Friday, July 27, 2018

Quality control

There was a side discussion that blew up a bit in last week's Ask a Manager, and now that I'm actually at a computer and can type, I can't find it. Anywhoo, there was a dispute regarding academic vs. industrial quality control.

As a scientist who has done reasonably similar work both in grad school and at work, there is no comparison. Academia just doesn't have the same controls compared to even the cheapest, lowest common denominator fieldwork in the environmental business.

If we do a site investigation, we have at least some basic standard operating procedures (SOPs) that are listed or referred to so that anyone can see what we were supposed to be doing. The samples remain under chain of custody to ensure that there's no tampering. The samples go to a laboratory that's been accredited to run those particular analyses, and then we get a lab report that either is included or is referred to and is available upon request. Any report, no matter the size, gets at least one review by someone who didn't write the report/pull together the tables and figures. And then the client gets a crack at it, and then the regulator(s) can comment. Even a simple real estate transaction between two private parties can get escalated if sampling turns up concentrations higher than certain thresholds, and you can be sure that any follow-up sampling from that will have lots of scrutiny.

Once you start entering into the realm of Real Money, feisty stakeholders (such as irritated and well-educated neighbors), and litigation, it gets much more involved. The folks doing the actual sampling may be overseen by a third party in the field, which may collect their own sample sets (split sampling) and send to their own labs. You may have consultants retained by the polluter, the neighbors, the town where the contamination is (or at least the board of health), and environmental/health advocacy groups, all with their own agendas, poring over the data and coming to their own conclusions. Quality control and documentation becomes critical for everything. Academia just doesn't compare to this.

Monday, July 23, 2018

office to field

I got a good question on this post regarding the transition from office to field attire in the same day. Guys have it easy in this respect because even if they work in a formal environment, they can just wear khakis to work and then lose the tie/roll up the sleeves and not look ridiculous if they have to run out to do something "clean" in the field (grab some equipment, meet someone, etc).

I have to admit that when I'm in this situation (and it comes up relatively frequently in my case, because I run out to meet clients or regulators on site walks/inspections/technical reviews), I dress kind of like a guy for the day. I am not at all a polo wearer normally, but I do have some company branded polos that fit ok and don't look sloppy untucked (nothing looks right tucked in for me), and I have a pair of boot-cut khakis that fit over steel-toe boots.

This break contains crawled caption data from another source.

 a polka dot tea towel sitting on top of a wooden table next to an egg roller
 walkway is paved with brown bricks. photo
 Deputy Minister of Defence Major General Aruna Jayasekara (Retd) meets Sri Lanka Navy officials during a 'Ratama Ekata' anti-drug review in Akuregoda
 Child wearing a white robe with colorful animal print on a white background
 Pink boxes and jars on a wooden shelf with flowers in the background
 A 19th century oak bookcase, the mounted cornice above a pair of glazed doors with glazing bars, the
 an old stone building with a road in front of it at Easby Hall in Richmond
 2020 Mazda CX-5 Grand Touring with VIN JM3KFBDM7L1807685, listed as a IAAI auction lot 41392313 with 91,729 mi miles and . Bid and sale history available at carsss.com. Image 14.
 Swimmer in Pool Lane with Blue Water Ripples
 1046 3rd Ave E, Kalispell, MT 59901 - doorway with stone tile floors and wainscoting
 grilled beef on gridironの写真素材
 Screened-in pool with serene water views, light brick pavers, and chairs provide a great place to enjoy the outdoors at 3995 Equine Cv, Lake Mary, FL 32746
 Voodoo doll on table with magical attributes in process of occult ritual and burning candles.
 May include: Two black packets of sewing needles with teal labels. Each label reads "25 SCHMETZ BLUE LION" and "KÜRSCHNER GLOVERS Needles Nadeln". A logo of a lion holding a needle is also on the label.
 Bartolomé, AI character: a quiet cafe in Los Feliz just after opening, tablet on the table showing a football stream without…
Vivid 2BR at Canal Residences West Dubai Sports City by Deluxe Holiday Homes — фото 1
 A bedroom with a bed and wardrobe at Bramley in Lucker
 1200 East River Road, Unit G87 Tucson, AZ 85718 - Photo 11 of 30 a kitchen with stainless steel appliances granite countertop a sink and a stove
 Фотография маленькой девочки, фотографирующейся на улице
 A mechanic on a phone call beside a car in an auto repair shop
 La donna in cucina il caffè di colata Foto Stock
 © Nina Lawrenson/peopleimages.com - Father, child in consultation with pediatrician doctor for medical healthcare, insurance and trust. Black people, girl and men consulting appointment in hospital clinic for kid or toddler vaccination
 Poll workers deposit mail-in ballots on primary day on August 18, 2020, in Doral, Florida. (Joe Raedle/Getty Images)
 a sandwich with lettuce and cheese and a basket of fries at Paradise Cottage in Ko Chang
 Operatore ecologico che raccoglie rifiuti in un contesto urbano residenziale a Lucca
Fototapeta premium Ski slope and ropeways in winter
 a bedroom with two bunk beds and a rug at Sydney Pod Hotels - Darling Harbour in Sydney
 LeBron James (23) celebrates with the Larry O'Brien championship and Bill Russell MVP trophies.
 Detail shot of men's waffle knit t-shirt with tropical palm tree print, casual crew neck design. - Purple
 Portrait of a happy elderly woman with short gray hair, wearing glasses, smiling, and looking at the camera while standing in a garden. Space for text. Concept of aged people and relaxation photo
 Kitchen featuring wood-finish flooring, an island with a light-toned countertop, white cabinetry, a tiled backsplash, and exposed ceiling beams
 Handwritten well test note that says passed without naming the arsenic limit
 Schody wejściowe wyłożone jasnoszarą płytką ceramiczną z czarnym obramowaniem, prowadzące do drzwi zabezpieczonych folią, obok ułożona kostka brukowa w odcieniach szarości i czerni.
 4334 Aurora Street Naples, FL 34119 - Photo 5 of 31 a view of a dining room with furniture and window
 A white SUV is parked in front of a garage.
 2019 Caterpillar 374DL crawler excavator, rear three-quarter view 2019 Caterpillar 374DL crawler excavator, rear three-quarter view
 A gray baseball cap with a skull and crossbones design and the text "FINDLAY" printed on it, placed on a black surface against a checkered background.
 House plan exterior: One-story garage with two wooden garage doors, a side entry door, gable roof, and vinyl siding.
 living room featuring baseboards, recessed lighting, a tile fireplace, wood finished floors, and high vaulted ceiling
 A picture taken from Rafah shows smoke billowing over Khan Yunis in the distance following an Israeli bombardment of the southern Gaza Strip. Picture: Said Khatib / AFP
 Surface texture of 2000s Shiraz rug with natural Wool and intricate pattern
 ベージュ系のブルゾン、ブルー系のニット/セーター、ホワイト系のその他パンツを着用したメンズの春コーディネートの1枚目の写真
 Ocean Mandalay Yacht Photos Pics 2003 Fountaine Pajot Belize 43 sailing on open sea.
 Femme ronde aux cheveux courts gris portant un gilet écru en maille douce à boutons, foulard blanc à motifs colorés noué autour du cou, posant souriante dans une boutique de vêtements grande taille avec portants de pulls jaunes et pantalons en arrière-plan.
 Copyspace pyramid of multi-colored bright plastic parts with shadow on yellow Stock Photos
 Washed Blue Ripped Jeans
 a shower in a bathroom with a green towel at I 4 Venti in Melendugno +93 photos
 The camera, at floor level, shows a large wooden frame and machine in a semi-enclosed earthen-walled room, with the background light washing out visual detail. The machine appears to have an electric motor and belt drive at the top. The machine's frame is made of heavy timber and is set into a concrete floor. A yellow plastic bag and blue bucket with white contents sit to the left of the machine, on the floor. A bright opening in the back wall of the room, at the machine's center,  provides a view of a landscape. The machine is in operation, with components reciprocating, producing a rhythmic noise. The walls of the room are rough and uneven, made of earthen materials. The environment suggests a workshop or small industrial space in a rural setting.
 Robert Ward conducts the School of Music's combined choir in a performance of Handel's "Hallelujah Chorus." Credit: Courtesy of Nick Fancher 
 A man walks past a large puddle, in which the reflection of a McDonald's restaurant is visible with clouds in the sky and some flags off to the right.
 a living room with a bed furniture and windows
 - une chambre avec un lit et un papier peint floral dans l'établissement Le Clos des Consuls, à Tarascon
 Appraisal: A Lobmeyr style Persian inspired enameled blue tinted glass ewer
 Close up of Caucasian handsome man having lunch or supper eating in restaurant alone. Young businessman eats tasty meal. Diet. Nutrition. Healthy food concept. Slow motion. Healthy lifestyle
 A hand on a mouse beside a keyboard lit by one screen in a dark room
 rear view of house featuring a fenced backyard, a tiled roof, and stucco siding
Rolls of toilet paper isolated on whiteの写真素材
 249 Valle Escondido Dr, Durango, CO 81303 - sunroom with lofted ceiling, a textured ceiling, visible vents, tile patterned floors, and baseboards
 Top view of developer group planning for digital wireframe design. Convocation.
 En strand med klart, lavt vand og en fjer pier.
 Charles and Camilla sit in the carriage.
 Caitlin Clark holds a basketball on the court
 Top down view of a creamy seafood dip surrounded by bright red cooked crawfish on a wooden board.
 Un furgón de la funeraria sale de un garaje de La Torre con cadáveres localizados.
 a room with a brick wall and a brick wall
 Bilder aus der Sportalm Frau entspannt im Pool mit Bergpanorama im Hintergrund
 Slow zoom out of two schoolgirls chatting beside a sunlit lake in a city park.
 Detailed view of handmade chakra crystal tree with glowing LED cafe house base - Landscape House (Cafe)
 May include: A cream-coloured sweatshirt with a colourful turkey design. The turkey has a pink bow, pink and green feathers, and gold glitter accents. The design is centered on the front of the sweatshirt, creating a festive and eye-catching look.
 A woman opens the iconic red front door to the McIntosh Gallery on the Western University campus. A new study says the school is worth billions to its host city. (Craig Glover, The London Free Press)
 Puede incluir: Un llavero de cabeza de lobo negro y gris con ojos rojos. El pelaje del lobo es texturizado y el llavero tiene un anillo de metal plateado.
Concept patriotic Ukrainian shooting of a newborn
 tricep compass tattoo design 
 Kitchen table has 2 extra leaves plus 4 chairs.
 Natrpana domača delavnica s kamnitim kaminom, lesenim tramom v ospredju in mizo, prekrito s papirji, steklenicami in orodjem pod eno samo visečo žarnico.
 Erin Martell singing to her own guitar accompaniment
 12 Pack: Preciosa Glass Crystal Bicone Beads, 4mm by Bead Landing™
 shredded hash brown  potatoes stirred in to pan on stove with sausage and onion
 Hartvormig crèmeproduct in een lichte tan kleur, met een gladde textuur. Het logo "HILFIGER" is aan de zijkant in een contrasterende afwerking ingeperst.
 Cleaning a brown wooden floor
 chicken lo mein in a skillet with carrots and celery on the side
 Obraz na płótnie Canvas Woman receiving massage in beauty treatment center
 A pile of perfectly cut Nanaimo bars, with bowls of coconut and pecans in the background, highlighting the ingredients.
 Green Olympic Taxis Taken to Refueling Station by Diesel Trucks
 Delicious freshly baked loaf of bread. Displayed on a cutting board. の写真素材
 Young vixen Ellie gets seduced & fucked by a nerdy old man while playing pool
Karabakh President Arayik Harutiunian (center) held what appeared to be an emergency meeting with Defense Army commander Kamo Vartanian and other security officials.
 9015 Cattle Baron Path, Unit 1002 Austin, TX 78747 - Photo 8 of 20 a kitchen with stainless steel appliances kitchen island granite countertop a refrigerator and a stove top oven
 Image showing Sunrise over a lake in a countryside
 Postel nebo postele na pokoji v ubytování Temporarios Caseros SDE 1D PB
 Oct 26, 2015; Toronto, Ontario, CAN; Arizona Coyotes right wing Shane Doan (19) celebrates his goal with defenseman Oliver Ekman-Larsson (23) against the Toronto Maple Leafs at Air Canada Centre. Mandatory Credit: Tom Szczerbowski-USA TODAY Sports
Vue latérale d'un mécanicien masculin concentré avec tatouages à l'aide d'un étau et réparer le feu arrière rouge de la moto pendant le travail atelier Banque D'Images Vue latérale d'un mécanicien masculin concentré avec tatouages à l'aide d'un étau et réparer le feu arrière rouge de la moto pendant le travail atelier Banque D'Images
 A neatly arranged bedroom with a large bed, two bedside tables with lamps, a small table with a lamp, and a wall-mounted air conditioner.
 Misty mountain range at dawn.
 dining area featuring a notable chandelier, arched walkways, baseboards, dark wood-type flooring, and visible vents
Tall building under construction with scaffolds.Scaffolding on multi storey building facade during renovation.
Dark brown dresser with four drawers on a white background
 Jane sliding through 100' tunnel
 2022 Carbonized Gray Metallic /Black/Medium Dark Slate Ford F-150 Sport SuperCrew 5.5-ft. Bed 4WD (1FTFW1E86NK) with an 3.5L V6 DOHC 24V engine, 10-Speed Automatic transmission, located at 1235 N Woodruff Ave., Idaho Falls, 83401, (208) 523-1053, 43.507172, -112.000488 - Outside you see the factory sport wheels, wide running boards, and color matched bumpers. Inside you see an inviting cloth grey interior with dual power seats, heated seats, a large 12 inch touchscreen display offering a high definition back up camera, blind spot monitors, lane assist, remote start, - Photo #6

The khakis are from Gap (from like 10 years ago so they're totally out of fashion) and they're more of an office style than a "jeans" style (flat pockets, a bit drapey, etc), so they're more formal than just jeans. If it's cold out, then I can wear a nice office appropriate top, because if I'm in the field I'm going to wear a jacket anyway.This is going to sound kind of silly, but last time I needed to buy steel-toe boots, I deliberately picked a pair that were dark brown and had kind of a nice finish so that they went well with khakis.

I actually work in a relatively formal office, but the corporate branded polo (or cardigan) + khakis or dark jeans says "I would not dress like this normally, but I am going to a site". If the office is very formal, one could wear steel-toe boots with this the whole day (ugh. who wants to wear their boots more than absolutely necessary) to give the impression "I am just here briefly before I do fieldwork". Even in a formal office, an environmental consulting firm will an exception for people who are running to the field.